ECJ denies VAT exemption for swimming lessons
VAT Newsletter 34/2021
1 VAT exemption for educational services
It has been known for some time now that the national VAT exemptions for tuition services pursuant to sec. 4 no. 21 of the German VAT Act are not in accordance with Union law (see KMLZ Newsletter 16 | 2019). However, educational institutions and self-employed teachers could, in line with the Federal Fiscal Court case law, directly invoke Art. 132 para 1 (i) and (j) of the VAT Directive. Until the decision of the ECJ in the legal case A & G Fahrschul-Akademie (C-449/17), both the ECJ and, following it, the Federal Fiscal Court, interpreted the VAT exemptions under Union law quite broadly. As a result, practically all forms of instruction were covered, provided they were not characterized as mere leisure activities.
In its driving school decision, however, the ECJ formulated a new, significantly stricter definition of "school and university education". This new definition of tuition is riddled with undefined legal terms, which resulted in the education sector becoming overwhelmed with uncertainty as to the continued existence of the VAT exemption. Even the Federal Fiscal Court became uncertain as to whether swimming lessons still fell within the scope of the ECJ’s new definition of "school and university education".
2 Facts and Questions referred to the ECJ
A private corporation operated a swimming school and provided typical swimming lessons, including training and testing for the German "Seahorse badge". Such supplies do not fall under sec. 4 no. 21 of the German VAT Act. The private corporation therefore directly invoked Art. 132 para 1 (j) of the VAT Directive. In the past, the Federal Fiscal Court had affirmed the exemption for swimming lessons under Union law, but now found itself expressing doubt as to whether this remained the case, given the new definition of tuition. The request for referral was intended to clarify whether swimming lessons constitute "school and university education", whether recognition as an institution, within the meaning of Art. 132 para 1 (i) of the VAT Directive, results from the public interest in learning to swim, and whether only sole traders can be private teachers, within the meaning of Art. 132 para 1 (i) of the VAT Directive.
3 ECJ judgment
In the legal case Dubrovin & Tröger GbR - Aquatics (C-373/19), the ECJ denied the VAT exemption for swimming lessons. In doing so, it makes significant reference to its decision on driving schools and to the decision on surfing and sailing lessons in the legal case of Finanzamt Hamburg-Barmbek-Uhlenhorst (C-47/19). In these decisions, the ECJ had already denied the VAT exemption with reference to the recent definition of "school and university education".
According to the ECJ, the Union legislator intended the term "school and university education" to refer to a specific type of education, which is commonly offered in all Member States, irrespective of the specificities of the national systems. The concept of "school and university education" refers, in general, to an integrated system for the provision of knowledge and skills relating to a wide and varied range of matters, and to the deepening and development of such knowledge and skills by pupils and students according to their progress and their specialization at the various levels constituting the system.

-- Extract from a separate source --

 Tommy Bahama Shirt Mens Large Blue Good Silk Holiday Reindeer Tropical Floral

In its order for reference, the Federal Fiscal Court had tended towards being in favour of the VAT-exemption and, in the course of this, emphasized that there is a pronounced public interest in learning to swim - in contrast to the acquisition of a car driver's license. The ECJ seizes on this argument and confirms the importance of swimming lessons, but nevertheless concludes that swimming schools do not constitute "school and university education". Swimming lessons are specialized and selective. Therefore, it is not, in itself, equivalent to the teaching, deepening and development of knowledge and skills in relation to a wide and varied range of subjects, which is characteristic of "school and university education".

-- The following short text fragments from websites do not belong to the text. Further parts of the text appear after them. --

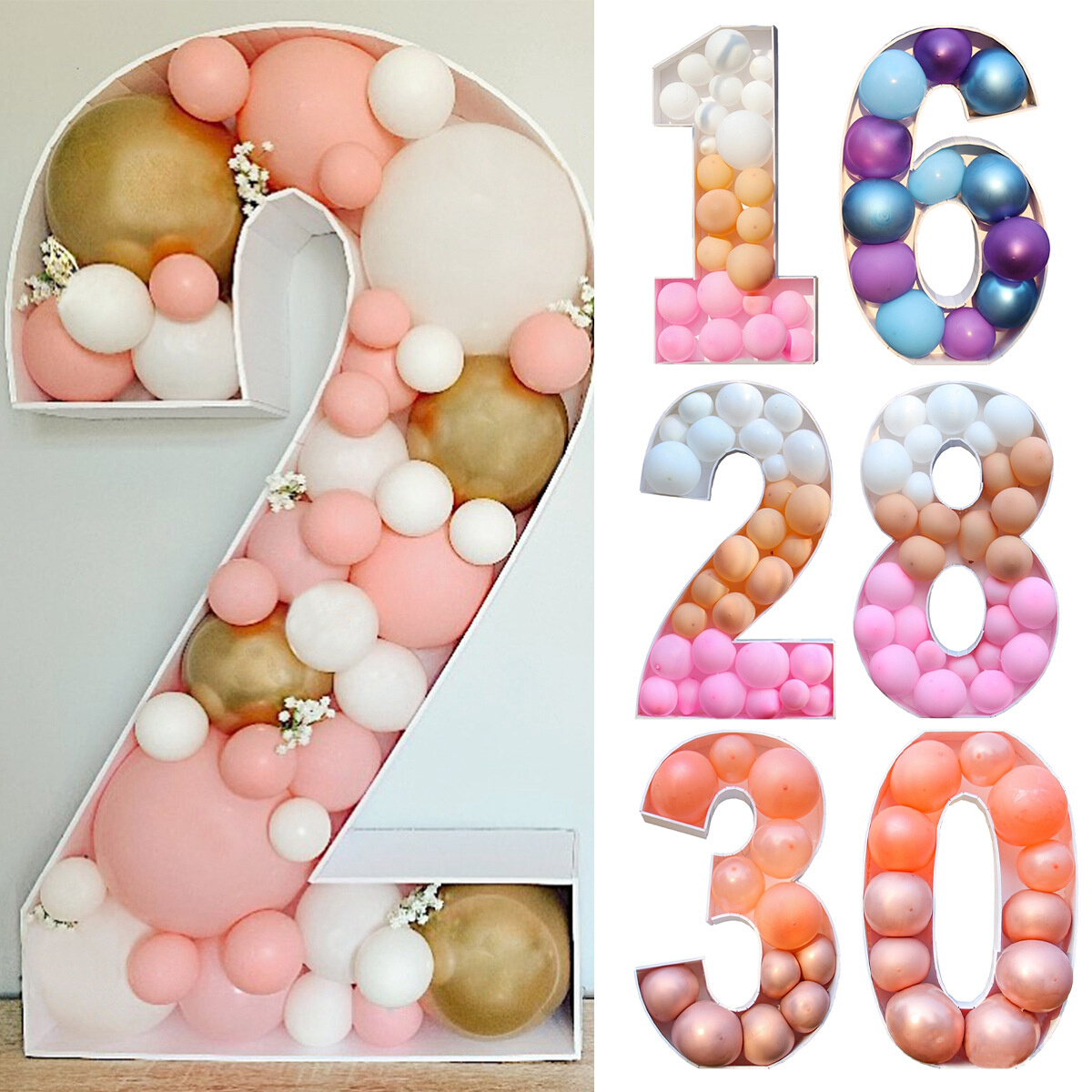 Giant Figure 1st 2nd 3rd Birthday Balloon Filling Box 16 18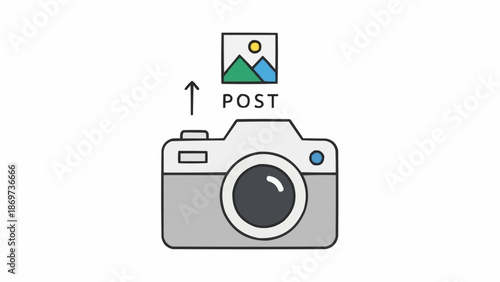 Camera uploading a post with a landscape image.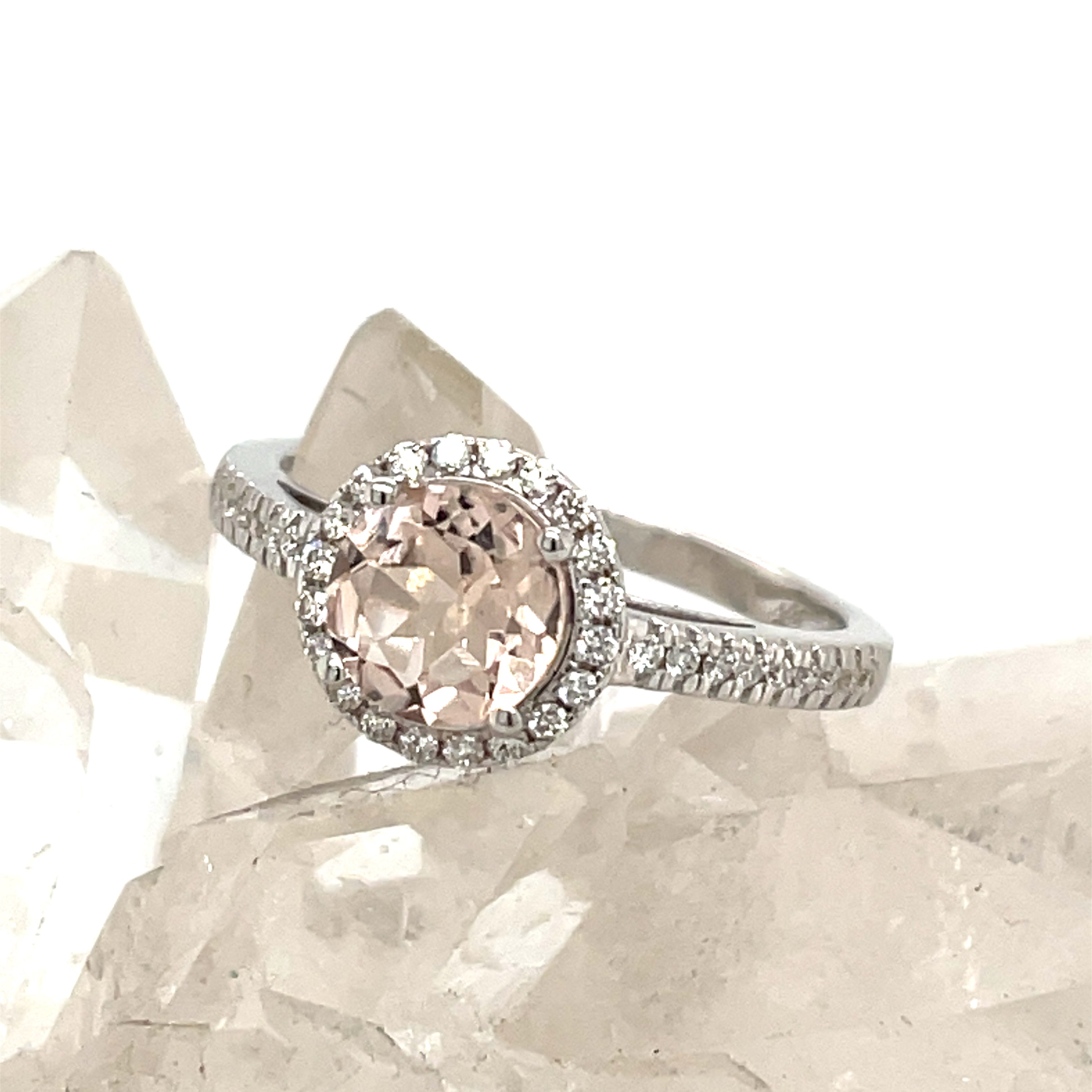 SALE - 6MM Morganite Halo - Size K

4 Consequences for the practice
The decision is a disappointment for the education sector and significantly restricts the scope of VAT exemptions for educational services. The ECJ understands "school and university education" as being an autonomous concept under Union law, which only the court itself can interpret. However, it remains unclear what exactly the ECJ understands by "selectively" provided instruction, "which in itself" does not meet the requirements for education. In this context, it now seems doubtful whether language schools, dance and music schools, etc. can remain exempt from VAT. By the way, isn’t tutoring in mathematics also “specialized tuition in itself”? As a result of this development, part of the fiscal court case law will probably become obsolete in the near future.
The decision also directly affects the education providers mentioned in sec 4 no. 22 German of the VAT Act (legal entities under public law, adult education centres, non-profit institutions, etc.). The "lectures, courses and other events of a scientific or instructional nature" are to be interpreted in conformity with the VAT Directive as "school and university education". A narrow understanding thus also restricts the national exemption standard. In some cases, sec 4.22.1 para 4 of the German VAT Circular provides protection of legitimate expectations. However, if the case ends up in court, the VAT exemption is likely to become a distant prospect according to the standards of the ECJ's definition of education.
All education providers should now question the VAT assessment of their courses and events and examine whether their services might still be exempt using a different justification.